**Work required**: Output nothing except the lines from the one containing "Fototapeta premium Beautiful" through the final line of the data, both included, typed exactly, minus the pictures.

##### Input for this task

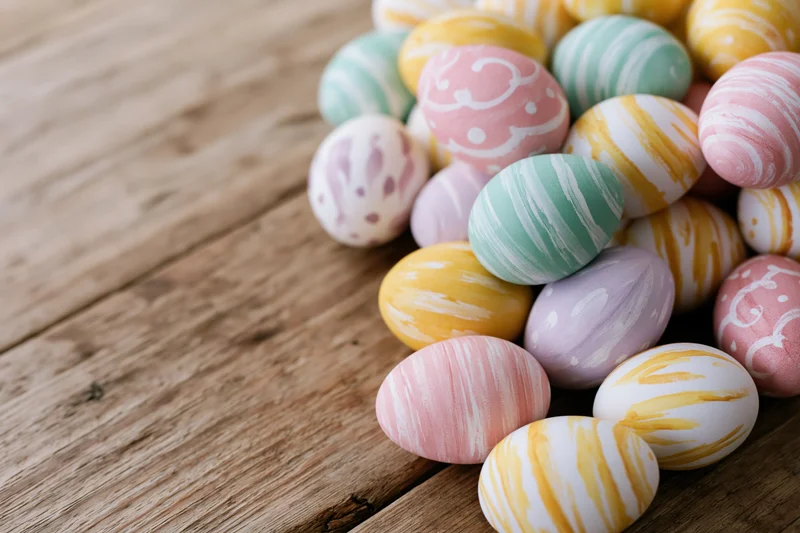 Hand-painted easter eggs piled on a rustic wooden surface with copyspace on the left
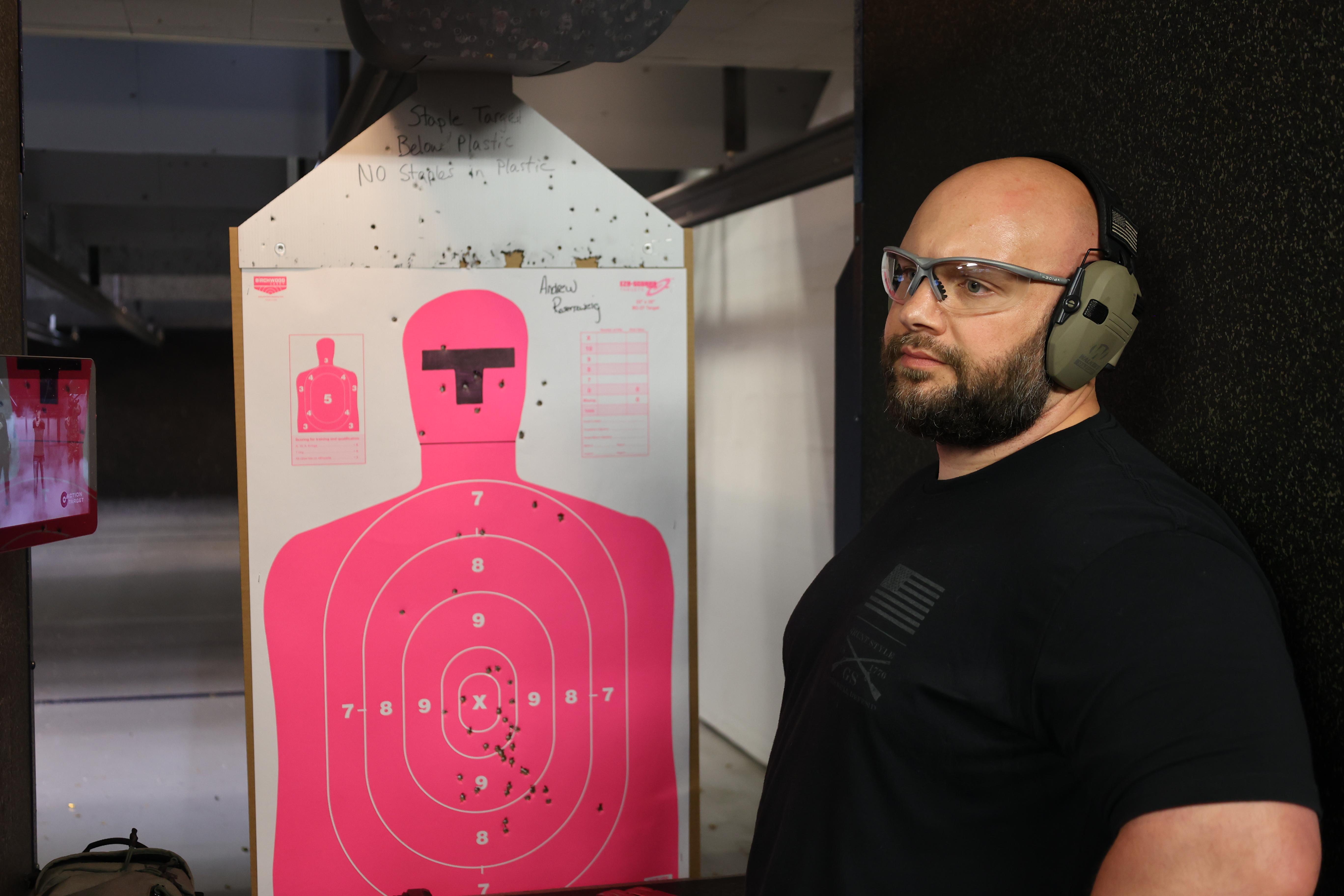 Hikers ascend a snowy mountain path under clear blue sky.
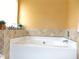Bathroom featuring a large white soaking tub at 1662 Maple Trace Ct, Grayson, GA 30017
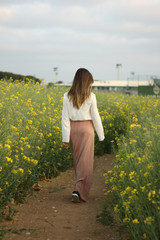 Fototapeta premium Beautiful woman on yellow flowers field with dark cloudy sky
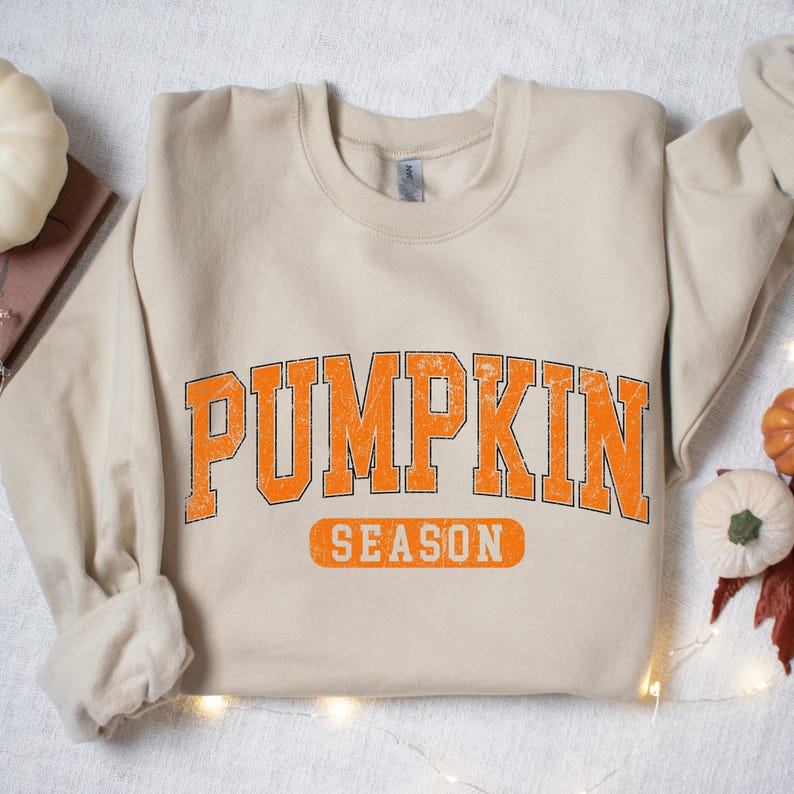 May include: A beige sweatshirt with the words "PUMPKIN SEASON" in orange block letters. The text has a distressed, vintage look. The sweatshirt is folded, with the sleeves visible. The overall theme is autumn and fall.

##########

**Response**:
 Fototapeta premium Beautiful woman on yellow flowers field with dark cloudy sky
 May include: A beige sweatshirt with the words "PUMPKIN SEASON" in orange block letters. The text has a distressed, vintage look. The sweatshirt is folded, with the sleeves visible. The overall theme is autumn and fall.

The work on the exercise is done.